Companies utilize data tools, including AI, in a practice known as “surveillance pricing” or “dynamic pricing,” which presents different prices to consumers based on various attributes and behaviors such as location, demographics, credit history, and shopping history.

Many of the firms targeted by the FTC provide transaction, sales, and pricing services to prominent companies both in the U.S. and internationally. Task Software manages transactions for major hospitality brands, including McDonald’s and Starbucks, while Revionics supplies retail price optimization software to global chains like Home Depot. Pros, which focuses on AI-driven pricing solutions, lists clients such as Nestlé, HP, and United Airlines and collaborates on technology development with Microsoft.

The FTC aims to clarify this “opaque market,” where shoppers are categorized and targeted with specific pricing strategies.

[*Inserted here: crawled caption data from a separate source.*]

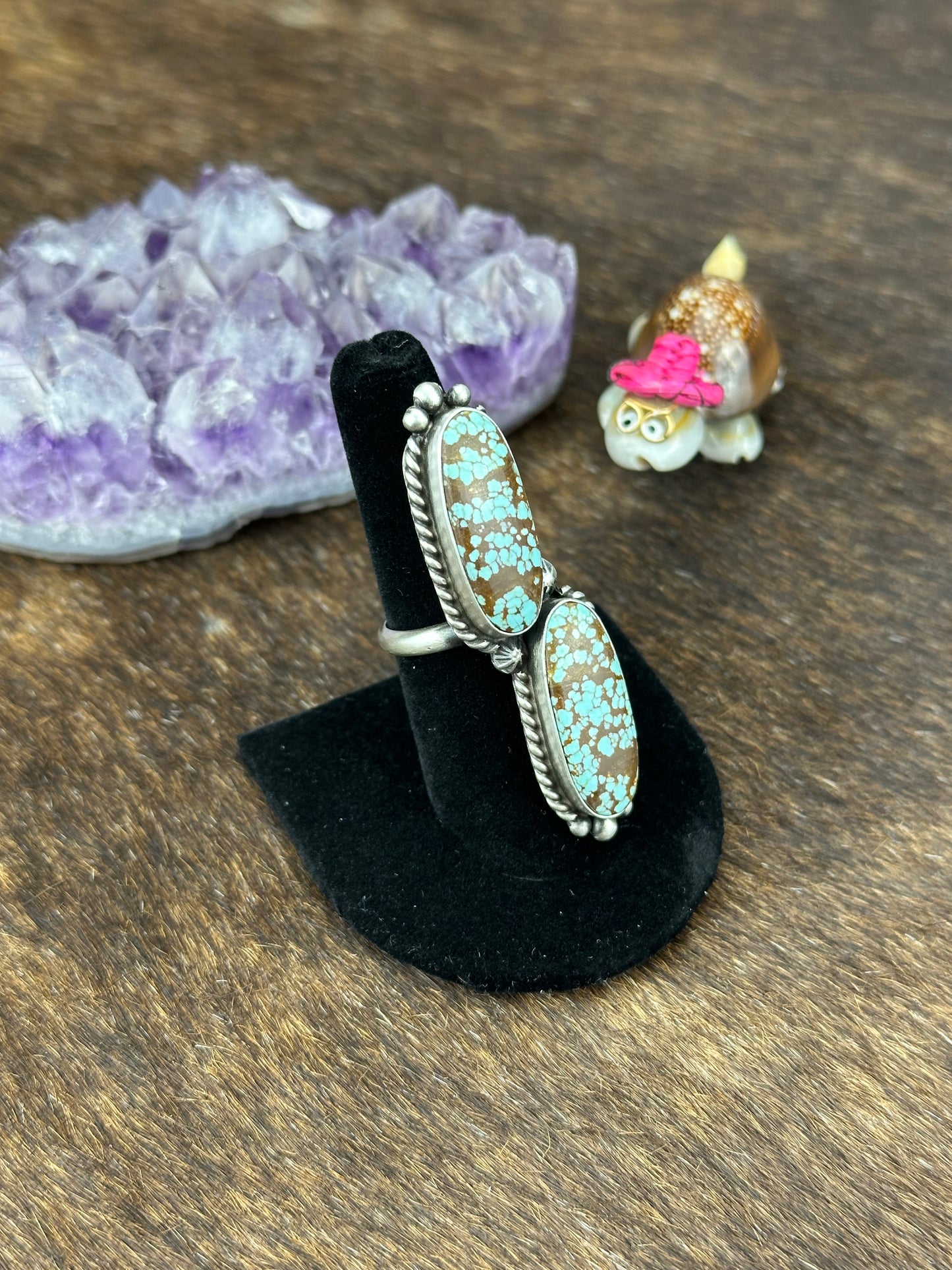 #8 Turquoise Two Stone Ring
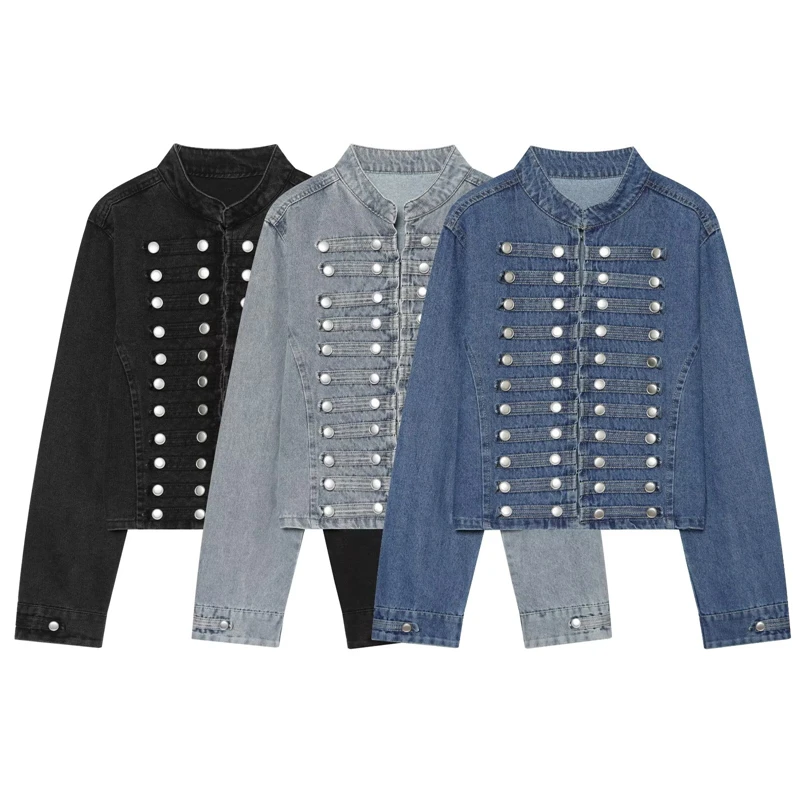Vintage Military Cropped Denim Jacket Ladies Mandarin Collar Double Row Silver Buttons Slim Waist Long Sleeve Casual Y2k Coat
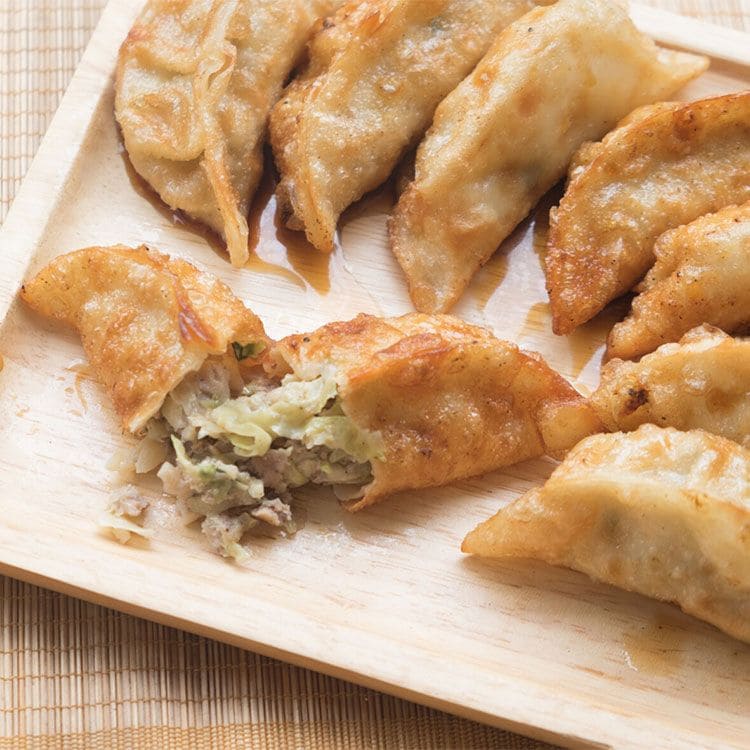 'Gyozas' de gambas y verduras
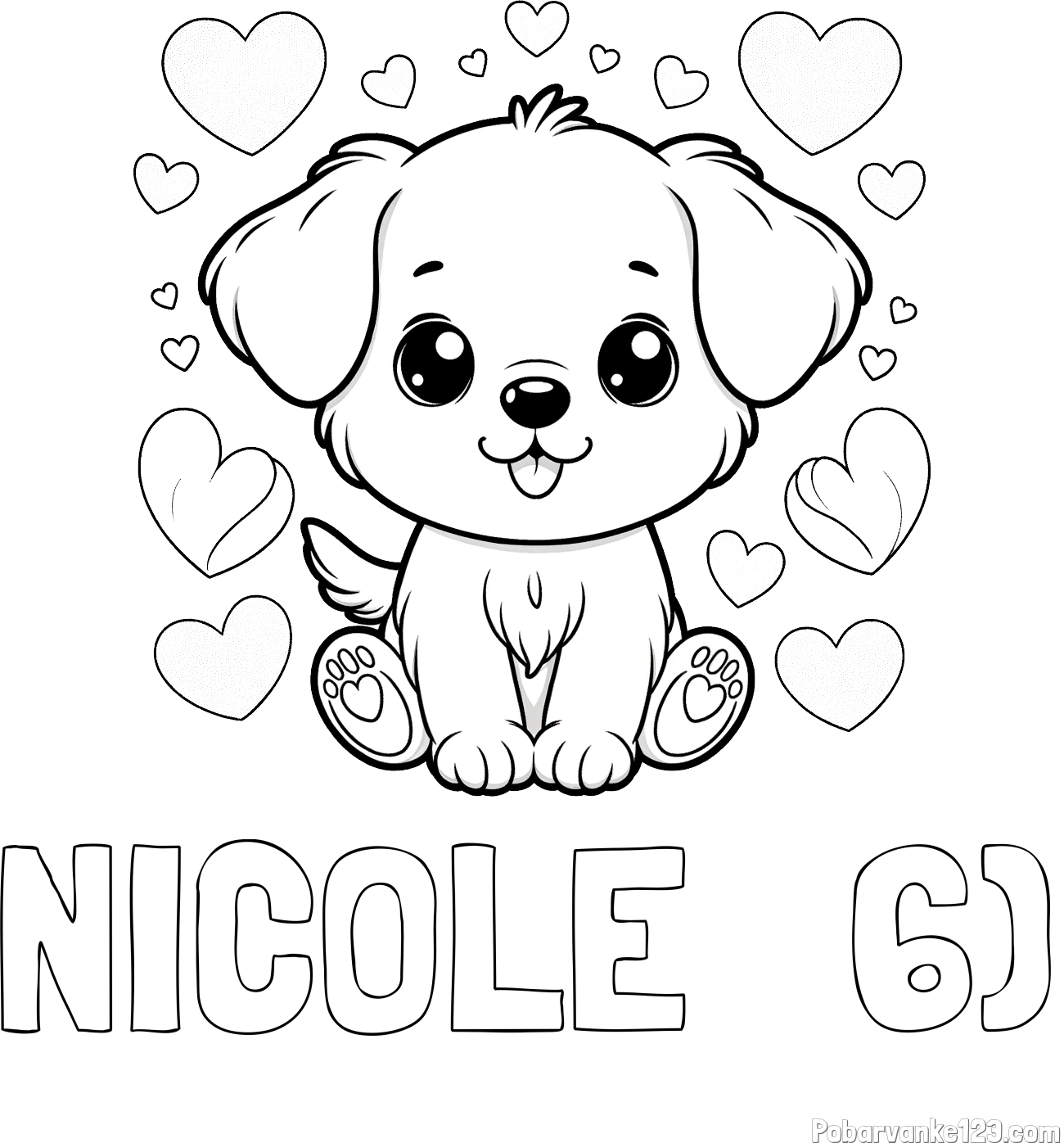 Pobarvanka imena NICOLE   6) in pobarvanka ljubkega kužka obdanega s srčki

“Firms that harvest Americans’ personal data can put people’s privacy at risk. Now firms could be exploiting this vast trove of personal information to charge people higher prices,” stated FTC Chair Lina Khan. “Americans deserve to know whether businesses are using detailed consumer data to deploy surveillance pricing, and the FTC’s inquiry will shed light on this shadowy ecosystem of pricing middlemen.”

The FTC is specifically seeking information in four areas: the types of surveillance pricing products and services offered by each company, their data collection methods, customer and sales information, and how these surveillance practices affect the final prices consumers pay.